- _ASSIGNED TASK_: Please restate each line of the material word for word and omit any pictures.
_ _ _
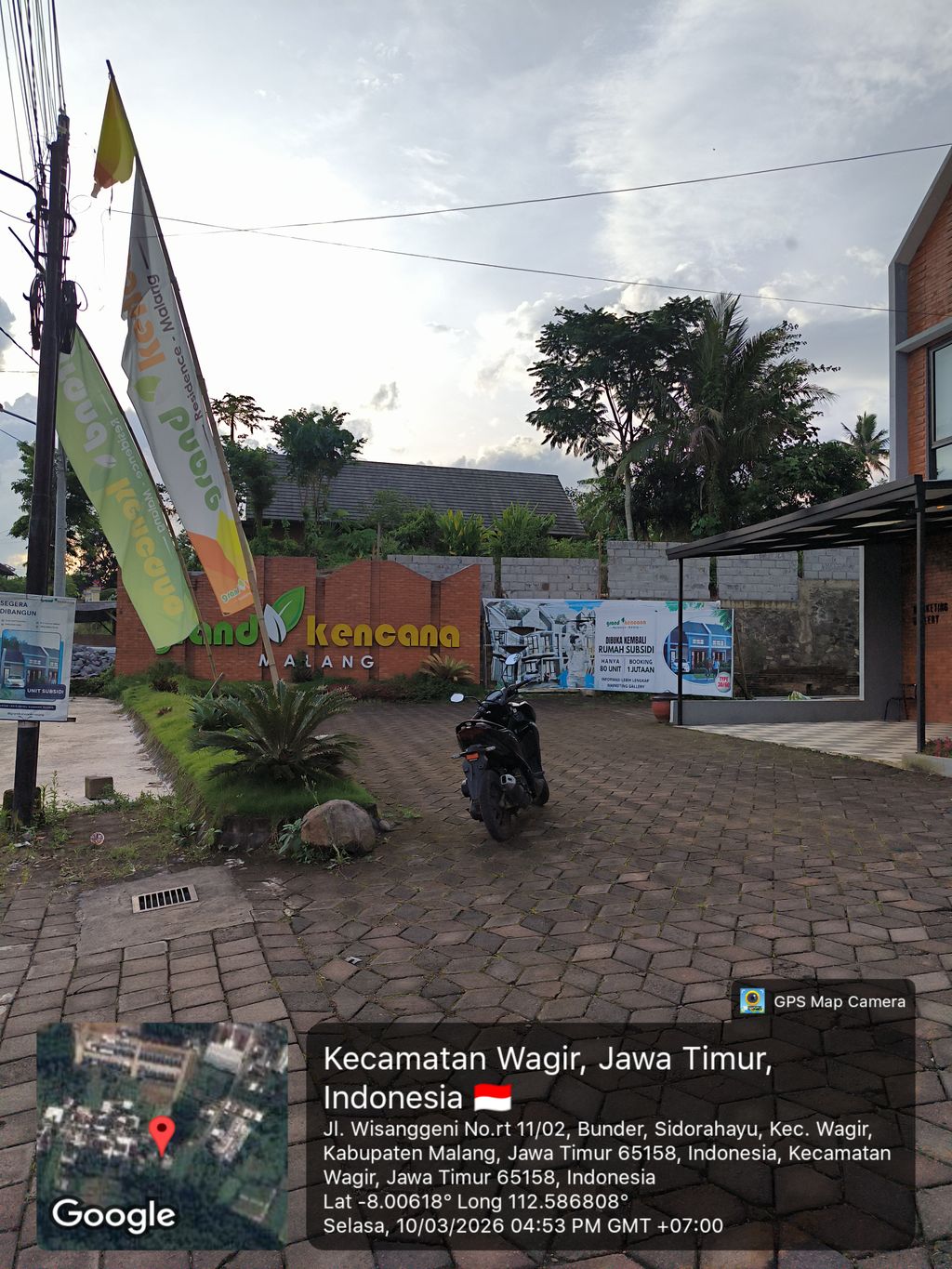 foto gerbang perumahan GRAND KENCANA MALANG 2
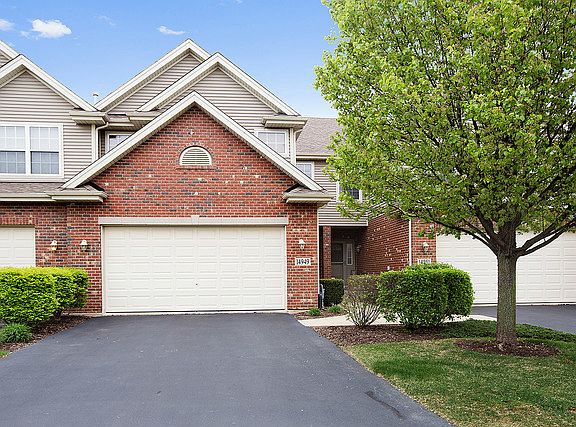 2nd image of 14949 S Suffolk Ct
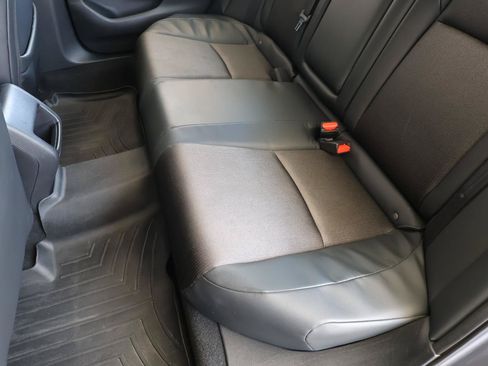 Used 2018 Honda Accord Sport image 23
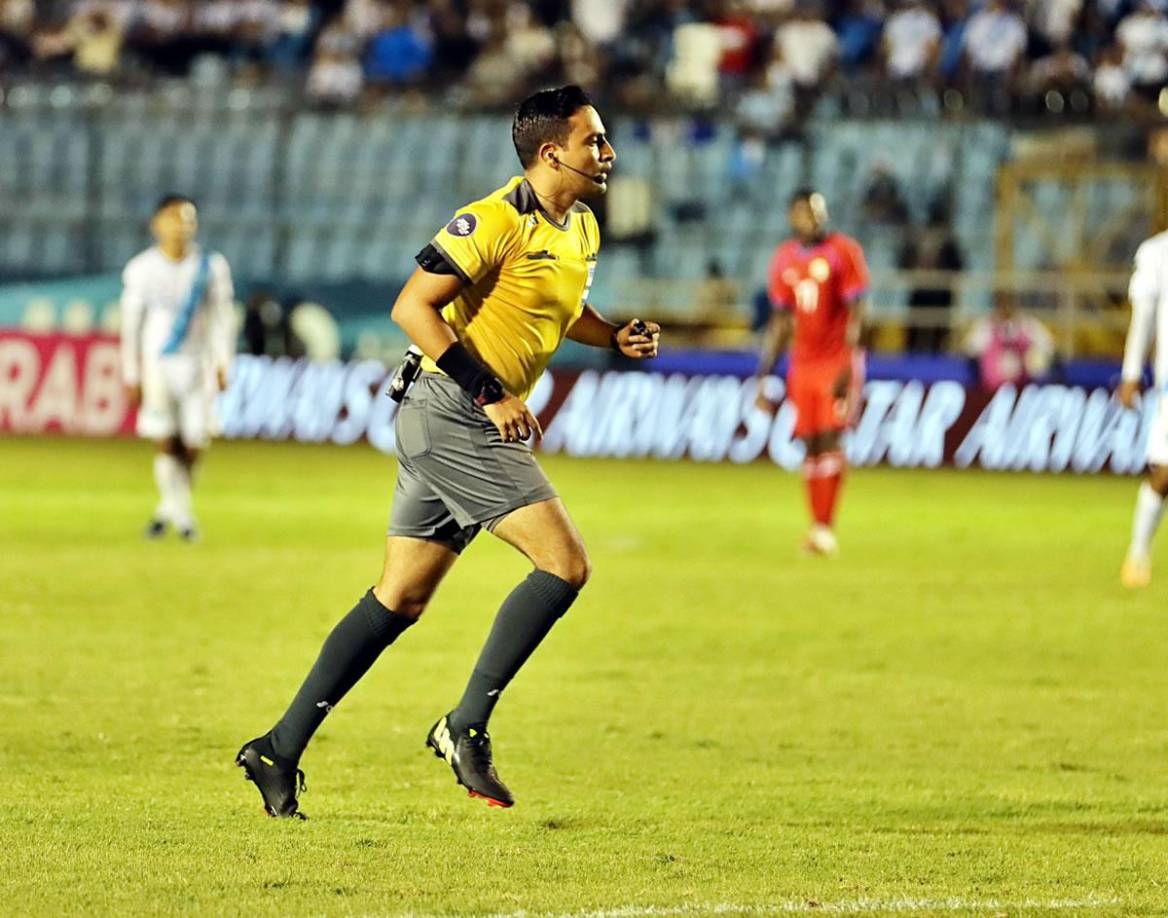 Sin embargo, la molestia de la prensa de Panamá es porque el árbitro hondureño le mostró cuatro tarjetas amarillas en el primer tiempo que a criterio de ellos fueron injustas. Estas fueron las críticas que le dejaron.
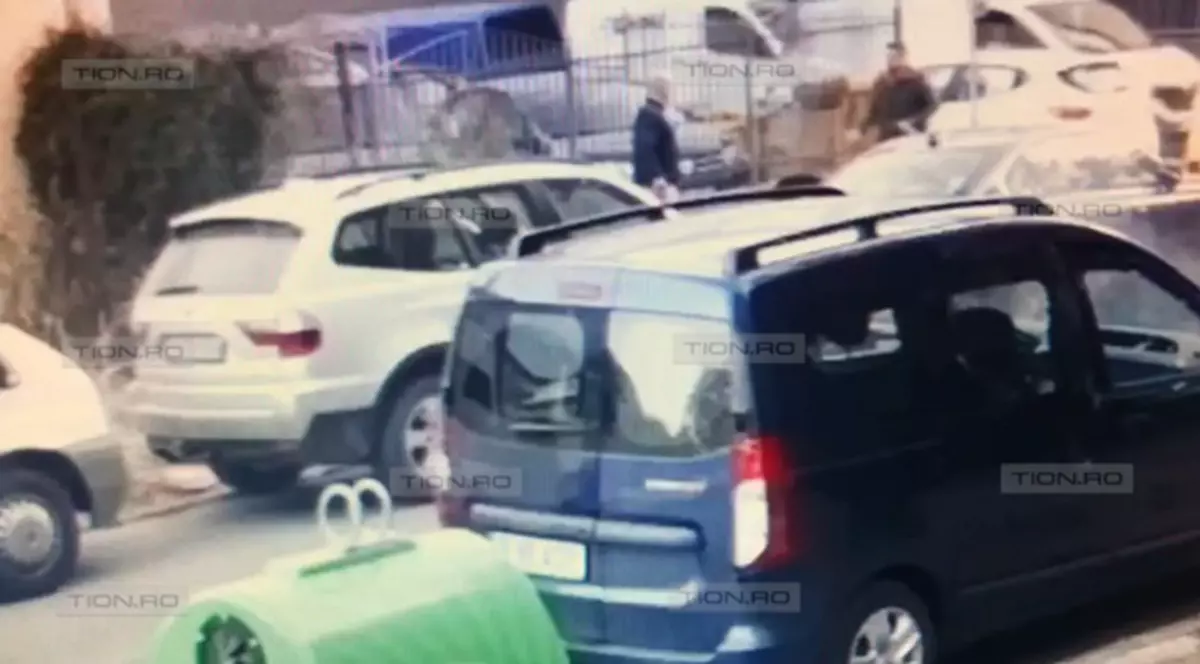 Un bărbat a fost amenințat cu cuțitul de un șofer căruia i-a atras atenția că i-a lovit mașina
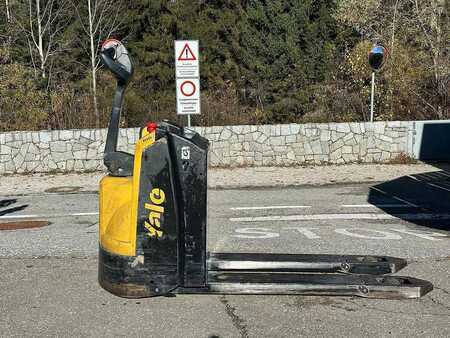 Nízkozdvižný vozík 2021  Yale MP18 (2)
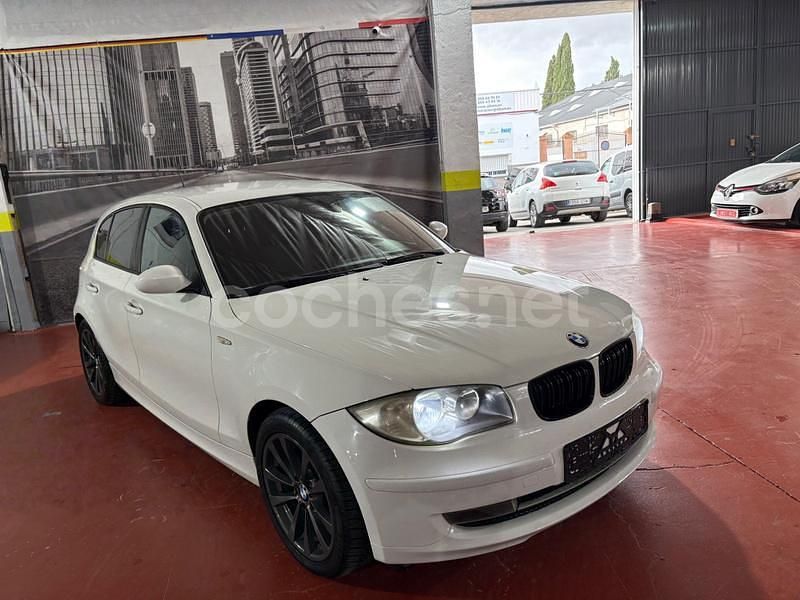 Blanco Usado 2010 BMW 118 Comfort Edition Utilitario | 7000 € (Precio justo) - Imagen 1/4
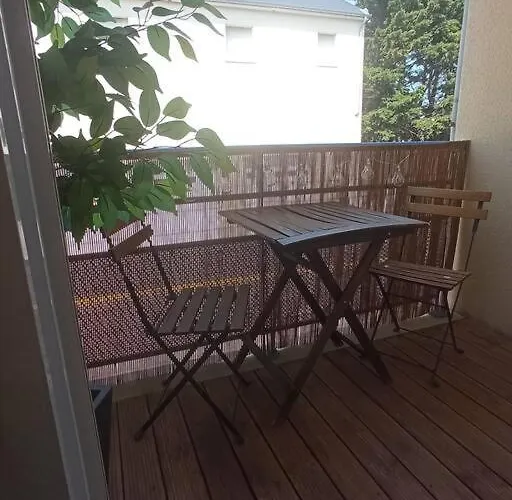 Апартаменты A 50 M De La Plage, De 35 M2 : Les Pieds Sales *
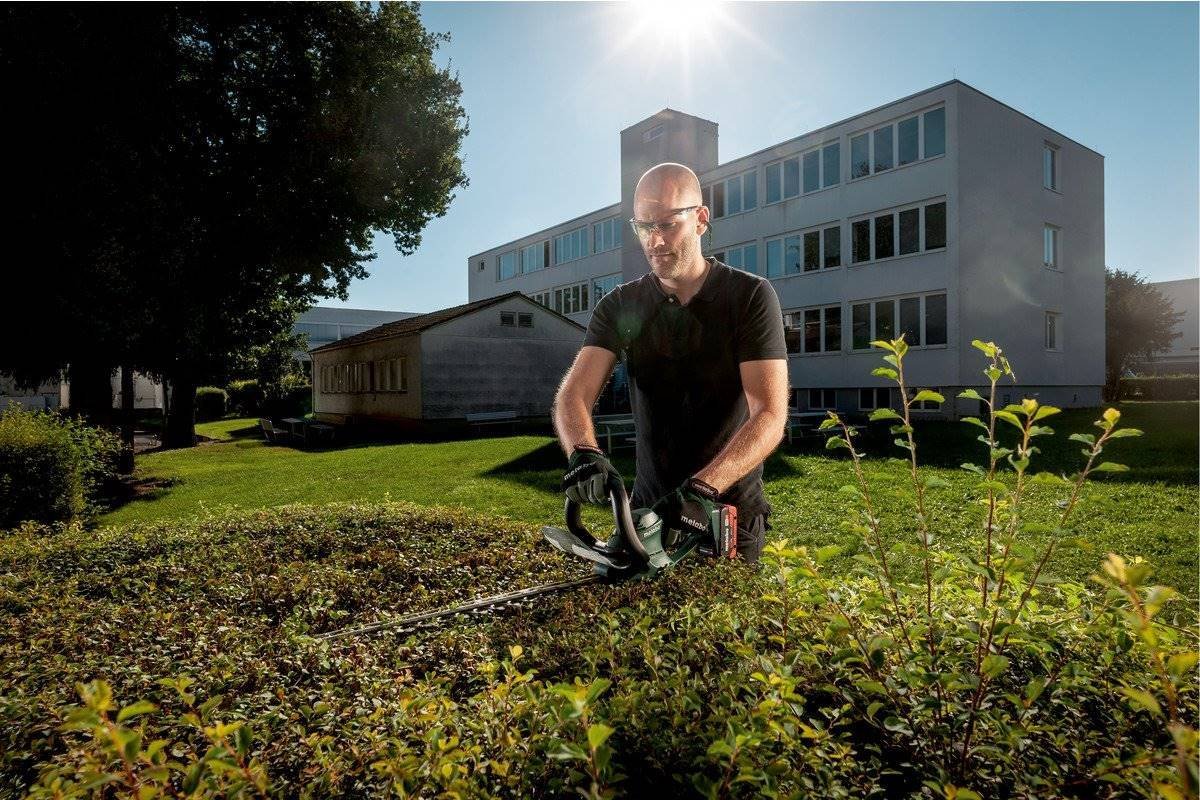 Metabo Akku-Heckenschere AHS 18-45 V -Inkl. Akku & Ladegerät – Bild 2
_ _ _
- _TASK ANSWER_:
 foto gerbang perumahan GRAND KENCANA MALANG 2
 2nd image of 14949 S Suffolk Ct
 Used 2018 Honda Accord Sport image 23
 Sin embargo, la molestia de la prensa de Panamá es porque el árbitro hondureño le mostró cuatro tarjetas amarillas en el primer tiempo que a criterio de ellos fueron injustas. Estas fueron las críticas que le dejaron.
 Un bărbat a fost amenințat cu cuțitul de un șofer căruia i-a atras atenția că i-a lovit mașina
 Nízkozdvižný vozík 2021  Yale MP18 (2)
 Blanco Usado 2010 BMW 118 Comfort Edition Utilitario | 7000 € (Precio justo) - Imagen 1/4
 Апартаменты A 50 M De La Plage, De 35 M2 : Les Pieds Sales *
 Metabo Akku-Heckenschere AHS 18-45 V -Inkl. Akku & Ladegerät – Bild 2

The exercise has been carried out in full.